VIDEO: The trailer for Before the Devil Knows You're Dead
Before the Devil Knows You’re Dead | Directed by Sidney Lumet | Written by Kelly Masterson | with Philip Seymour Hoffman, Marisa Tomei, Ethan Hawke, Albert Finney, Rosemary Harris, Aleksa Palladino, Brian F. O’byrne, Michael Shannon, and Amy Ryan | THINKfilm | 117 minutes |
Sidney Lumet may be 83, but his new film makes Quentin Tarantino and even the Coen Brothers look geriatric. Tarantino’s ostentatious violence, movie allusions, and general depravity aside, he impresses most with his skill at diabolically skewing chronology and narrative. Not known for his adventurousness in storytelling, Lumet outdoes Tarantino in his 45th film, constructing a Rubik’s cube of intersecting, backtracking, and reverse-angled story lines. Moreover, he and his actors have created characters of monumental moral feebleness and ineffectual rapacity who are engaged in folly as old as the family unit. So why, like Tarantino’s cleverest work, does Before the Devil Know You’re Dead seem to run a little empty?Maybe it’s an underlying, halfhearted misogyny, if not misanthropy. Absurdity and debasement enter with the first images. Lumet thrusts you in medias res; Andy (Philip Seymour Hoffman) is doing his share of thrusting also, as in an alarmingly raw scene he goes at it at length and doggy-style with his dim but decorative wife, Gina (Marisa Tomei).

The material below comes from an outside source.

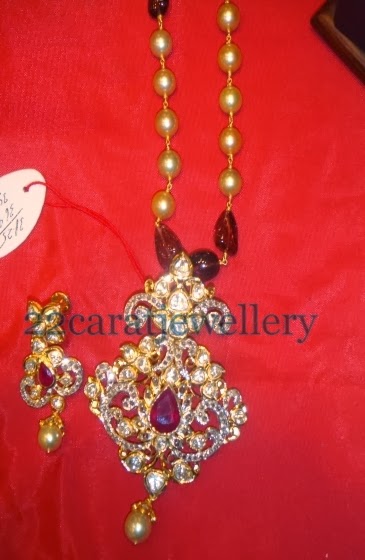 single pearl drop necklace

Andy is not only randy but hard up for cash, since his cooking of the books to fund his coke-snorting high style is about to undergo IRS scrutiny. His sniveling little brother, Hank (Ethan Hawke), meanwhile, is being whipped by his own ex-wife, Martha (Amy Ryan), for child-support payments. (Hank’s precociously mean-spirited daughter also holds him in contempt, calling him a “loser.”) Both need immediate liquid assets, and Andy has a plan to rob a mom-and-pop jewelry store in a suburban mall. But Lumet’s sensibility is no less twisted than Tarantino’s or the Coens’, since the mom-and-pop shop is run by the brothers’ own mom (Rosemary Harris) and pop (Albert Finney).
As we’ve learned from Greek tragedy, such schemes seldom go well. The inevitable outcome, however, unfolds with gasp-inducing surprises as Lumet (and screenwriter Kelly Masterson in a daunting debut) halt the tale at key moments, rewind a bit, and attack the same scene again from another character’s angle, each reprise disclosing further depths of fecklessness, ignominy, and bad luck.
In part, the superb performances help distinguish this from an exquisite Sadean exercise like Blood Simple. No matter how irredeemable and pathetic the behavior of their characters might be, Hoffman and Hawke evoke a squirming recognition and empathy. Even the brief turns by Aleksa Palladino, Brian F. O’Byrne, and Michael Shannon as low-life functionaries bristle with grit and dignity.
Mostly, though, Lumet draws on dramatic rhythms and truths that were already old hat with Sophocles. True, the women in Devil are femme fatales in one form or another (some involving firearms), and the men are all deluded dupes. But is that misogyny and misanthropy or an Olympian recognition of irony and fate? In Oedipus, the son learns that he has killed his father and married his mother, but what if instead the father . . . The climax of Devil unrolls with the inescapable majesty of a building collapse, but most of the pleasure lies in watching Lumet set the pieces up only to knock them down.